[Crawled caption data]
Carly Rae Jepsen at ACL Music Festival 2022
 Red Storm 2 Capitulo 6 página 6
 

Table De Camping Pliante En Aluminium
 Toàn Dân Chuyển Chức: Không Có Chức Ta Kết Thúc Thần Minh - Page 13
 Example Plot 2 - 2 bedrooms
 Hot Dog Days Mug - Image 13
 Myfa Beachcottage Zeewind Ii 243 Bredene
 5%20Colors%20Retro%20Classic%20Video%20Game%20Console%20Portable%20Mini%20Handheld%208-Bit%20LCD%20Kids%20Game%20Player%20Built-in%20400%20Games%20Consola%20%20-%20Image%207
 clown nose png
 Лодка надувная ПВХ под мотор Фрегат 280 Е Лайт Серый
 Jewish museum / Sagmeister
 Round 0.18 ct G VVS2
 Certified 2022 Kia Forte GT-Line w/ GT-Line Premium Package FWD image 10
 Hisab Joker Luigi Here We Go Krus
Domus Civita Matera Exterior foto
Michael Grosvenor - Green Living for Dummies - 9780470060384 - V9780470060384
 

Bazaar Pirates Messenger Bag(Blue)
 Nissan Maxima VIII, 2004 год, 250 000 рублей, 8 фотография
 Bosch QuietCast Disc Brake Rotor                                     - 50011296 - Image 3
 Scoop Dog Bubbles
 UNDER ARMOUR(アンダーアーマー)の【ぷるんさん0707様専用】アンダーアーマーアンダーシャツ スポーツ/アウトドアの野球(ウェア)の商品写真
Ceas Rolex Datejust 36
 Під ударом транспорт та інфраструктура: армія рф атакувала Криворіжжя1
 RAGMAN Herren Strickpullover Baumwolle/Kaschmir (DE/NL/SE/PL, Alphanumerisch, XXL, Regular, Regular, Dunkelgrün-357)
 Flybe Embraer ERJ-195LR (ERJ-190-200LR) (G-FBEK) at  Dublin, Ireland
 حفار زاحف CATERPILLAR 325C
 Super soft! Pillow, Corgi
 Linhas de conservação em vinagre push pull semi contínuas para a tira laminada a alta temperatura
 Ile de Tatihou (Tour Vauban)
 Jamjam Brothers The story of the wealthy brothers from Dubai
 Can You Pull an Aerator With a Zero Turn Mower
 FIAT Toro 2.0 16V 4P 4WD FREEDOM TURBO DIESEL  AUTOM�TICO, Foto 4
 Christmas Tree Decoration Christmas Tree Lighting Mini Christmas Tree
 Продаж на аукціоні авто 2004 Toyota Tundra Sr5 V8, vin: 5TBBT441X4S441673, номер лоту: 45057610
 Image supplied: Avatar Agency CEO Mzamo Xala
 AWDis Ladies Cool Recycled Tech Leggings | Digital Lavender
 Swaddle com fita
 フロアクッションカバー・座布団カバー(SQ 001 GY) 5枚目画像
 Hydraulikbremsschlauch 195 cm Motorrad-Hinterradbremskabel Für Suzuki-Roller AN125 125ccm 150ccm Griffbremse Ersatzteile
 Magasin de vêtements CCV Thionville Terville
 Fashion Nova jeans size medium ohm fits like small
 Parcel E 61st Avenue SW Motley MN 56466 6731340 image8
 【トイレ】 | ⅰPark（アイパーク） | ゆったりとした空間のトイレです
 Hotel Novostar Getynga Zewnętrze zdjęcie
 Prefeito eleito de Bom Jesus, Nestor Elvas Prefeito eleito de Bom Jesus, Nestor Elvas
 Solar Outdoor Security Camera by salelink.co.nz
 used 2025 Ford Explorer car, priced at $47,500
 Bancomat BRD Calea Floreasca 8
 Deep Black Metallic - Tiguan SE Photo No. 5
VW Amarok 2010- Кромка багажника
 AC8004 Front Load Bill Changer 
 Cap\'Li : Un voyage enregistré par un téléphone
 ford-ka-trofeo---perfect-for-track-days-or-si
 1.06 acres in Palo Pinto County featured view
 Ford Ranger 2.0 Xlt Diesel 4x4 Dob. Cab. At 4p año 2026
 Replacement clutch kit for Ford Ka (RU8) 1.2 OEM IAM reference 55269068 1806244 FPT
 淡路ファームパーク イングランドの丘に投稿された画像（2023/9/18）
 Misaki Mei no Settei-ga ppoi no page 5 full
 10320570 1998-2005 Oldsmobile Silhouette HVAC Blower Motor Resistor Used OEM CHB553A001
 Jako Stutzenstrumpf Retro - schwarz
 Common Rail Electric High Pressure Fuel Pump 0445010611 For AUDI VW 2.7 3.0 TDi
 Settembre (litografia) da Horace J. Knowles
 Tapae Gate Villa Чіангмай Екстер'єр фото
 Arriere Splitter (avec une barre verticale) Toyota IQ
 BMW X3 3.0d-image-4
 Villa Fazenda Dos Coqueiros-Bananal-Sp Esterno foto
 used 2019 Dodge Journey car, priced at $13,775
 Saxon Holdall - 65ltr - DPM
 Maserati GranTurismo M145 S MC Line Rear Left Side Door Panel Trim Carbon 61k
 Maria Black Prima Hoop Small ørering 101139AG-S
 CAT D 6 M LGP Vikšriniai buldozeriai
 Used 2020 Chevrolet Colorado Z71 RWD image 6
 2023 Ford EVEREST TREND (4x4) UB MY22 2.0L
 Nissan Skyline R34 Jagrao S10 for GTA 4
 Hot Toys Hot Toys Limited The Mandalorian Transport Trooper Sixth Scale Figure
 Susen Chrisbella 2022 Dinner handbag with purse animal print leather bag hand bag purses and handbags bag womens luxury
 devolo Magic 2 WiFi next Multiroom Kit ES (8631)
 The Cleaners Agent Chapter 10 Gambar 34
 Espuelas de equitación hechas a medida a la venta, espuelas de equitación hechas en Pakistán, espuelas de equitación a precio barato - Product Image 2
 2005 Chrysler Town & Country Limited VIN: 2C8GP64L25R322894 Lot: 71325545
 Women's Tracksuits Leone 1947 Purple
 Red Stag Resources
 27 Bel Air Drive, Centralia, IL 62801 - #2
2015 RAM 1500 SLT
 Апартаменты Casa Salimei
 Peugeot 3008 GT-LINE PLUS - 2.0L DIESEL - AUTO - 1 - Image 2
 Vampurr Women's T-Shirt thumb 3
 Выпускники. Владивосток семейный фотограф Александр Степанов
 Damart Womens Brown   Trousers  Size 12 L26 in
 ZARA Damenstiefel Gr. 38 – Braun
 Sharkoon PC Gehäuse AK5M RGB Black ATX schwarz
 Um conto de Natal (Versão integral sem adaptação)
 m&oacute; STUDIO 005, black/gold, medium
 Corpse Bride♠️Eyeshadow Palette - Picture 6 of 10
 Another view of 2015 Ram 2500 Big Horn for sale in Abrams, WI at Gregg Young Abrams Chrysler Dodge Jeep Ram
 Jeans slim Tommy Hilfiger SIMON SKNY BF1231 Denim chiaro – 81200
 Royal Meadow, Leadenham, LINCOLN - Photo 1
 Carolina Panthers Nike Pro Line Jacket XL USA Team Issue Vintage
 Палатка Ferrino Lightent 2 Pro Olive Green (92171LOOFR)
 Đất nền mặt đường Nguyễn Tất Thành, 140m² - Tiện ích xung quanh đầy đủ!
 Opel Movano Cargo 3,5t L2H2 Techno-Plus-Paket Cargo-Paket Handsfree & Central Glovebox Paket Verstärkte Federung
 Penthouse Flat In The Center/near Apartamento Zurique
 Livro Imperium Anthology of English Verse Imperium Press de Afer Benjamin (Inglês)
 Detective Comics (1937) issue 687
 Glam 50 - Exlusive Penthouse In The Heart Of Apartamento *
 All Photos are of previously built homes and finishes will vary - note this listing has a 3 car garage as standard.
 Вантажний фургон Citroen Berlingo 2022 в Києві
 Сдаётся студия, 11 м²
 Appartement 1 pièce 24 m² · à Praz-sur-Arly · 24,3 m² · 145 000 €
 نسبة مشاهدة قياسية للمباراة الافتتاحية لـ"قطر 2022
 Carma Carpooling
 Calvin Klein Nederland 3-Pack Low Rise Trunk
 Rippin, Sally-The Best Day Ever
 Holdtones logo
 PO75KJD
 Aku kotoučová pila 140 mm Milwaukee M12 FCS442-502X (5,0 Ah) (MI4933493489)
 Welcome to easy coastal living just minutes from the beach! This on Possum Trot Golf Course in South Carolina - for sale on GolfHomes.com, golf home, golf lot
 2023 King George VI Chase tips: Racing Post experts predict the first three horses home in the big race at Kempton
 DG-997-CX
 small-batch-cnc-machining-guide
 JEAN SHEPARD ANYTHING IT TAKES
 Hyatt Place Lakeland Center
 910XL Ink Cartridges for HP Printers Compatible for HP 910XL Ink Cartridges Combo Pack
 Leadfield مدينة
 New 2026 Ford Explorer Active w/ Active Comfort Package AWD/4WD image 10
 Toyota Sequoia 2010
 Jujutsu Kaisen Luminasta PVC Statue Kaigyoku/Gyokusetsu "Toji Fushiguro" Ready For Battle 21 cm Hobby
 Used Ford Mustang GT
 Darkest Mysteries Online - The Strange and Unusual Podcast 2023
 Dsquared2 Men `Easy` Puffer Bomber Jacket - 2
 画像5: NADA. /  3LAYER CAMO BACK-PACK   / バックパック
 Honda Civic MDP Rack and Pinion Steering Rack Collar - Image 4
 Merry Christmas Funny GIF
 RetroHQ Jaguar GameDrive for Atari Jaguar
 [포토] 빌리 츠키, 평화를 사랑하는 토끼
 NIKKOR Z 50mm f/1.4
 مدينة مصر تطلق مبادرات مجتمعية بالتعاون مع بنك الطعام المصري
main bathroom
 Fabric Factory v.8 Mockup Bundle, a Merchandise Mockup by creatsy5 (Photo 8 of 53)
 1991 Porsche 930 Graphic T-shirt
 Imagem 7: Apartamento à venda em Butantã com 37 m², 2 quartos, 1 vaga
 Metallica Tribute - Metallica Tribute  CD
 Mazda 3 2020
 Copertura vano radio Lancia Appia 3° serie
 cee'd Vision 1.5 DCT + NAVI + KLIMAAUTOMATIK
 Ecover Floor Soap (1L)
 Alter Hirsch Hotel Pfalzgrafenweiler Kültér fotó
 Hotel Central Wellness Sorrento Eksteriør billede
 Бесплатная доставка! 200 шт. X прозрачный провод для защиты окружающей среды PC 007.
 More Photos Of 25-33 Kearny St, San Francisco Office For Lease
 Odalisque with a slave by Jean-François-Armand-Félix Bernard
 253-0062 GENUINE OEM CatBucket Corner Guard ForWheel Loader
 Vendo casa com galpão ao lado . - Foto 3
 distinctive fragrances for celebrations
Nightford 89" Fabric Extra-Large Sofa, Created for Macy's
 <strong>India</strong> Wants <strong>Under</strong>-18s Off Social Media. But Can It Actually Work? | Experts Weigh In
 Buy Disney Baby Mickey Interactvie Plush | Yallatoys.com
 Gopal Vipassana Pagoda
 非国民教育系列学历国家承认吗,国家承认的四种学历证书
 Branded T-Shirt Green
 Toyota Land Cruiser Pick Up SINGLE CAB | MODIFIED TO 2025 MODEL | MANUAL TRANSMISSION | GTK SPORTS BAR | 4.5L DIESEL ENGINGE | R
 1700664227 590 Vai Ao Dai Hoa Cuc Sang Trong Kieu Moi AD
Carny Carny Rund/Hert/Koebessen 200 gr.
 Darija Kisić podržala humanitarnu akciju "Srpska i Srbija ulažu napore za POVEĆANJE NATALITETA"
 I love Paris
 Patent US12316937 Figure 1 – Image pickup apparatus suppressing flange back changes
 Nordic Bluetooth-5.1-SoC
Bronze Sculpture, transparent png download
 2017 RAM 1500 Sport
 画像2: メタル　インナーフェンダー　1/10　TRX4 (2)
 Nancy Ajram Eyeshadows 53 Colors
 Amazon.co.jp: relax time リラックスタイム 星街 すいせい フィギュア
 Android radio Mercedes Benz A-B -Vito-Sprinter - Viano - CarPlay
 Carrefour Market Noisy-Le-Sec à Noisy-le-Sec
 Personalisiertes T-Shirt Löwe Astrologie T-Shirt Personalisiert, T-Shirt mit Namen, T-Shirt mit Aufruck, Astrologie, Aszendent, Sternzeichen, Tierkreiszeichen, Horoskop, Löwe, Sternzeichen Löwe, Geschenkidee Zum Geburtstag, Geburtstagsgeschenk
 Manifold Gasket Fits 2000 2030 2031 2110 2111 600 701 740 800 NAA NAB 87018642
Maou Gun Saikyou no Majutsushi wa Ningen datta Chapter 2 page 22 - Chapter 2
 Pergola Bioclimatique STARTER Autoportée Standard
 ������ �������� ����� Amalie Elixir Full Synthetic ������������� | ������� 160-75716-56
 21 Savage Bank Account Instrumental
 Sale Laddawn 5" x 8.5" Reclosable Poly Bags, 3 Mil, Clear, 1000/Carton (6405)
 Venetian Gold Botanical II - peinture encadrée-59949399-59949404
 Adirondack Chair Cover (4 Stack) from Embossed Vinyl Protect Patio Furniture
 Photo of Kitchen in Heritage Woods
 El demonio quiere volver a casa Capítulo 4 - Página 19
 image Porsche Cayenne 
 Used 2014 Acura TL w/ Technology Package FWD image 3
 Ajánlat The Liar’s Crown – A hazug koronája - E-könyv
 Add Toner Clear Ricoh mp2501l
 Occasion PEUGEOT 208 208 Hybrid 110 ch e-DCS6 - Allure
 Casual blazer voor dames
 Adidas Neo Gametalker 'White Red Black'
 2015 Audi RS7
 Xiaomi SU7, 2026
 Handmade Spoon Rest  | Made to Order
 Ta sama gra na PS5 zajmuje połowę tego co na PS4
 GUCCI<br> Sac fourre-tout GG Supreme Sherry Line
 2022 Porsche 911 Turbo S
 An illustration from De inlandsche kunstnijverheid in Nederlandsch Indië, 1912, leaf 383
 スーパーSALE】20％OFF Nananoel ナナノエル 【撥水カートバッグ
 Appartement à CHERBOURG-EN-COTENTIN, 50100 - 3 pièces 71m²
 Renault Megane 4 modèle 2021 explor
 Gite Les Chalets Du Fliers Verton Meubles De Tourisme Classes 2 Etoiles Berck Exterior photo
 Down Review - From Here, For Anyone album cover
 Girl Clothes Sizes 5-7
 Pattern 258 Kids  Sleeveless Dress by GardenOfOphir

(Task requirements): Going through the entries, return every line holding the word "Here".

(Final answer):
 Hisab Joker Luigi Here We Go Krus
 Down Review - From Here, For Anyone album cover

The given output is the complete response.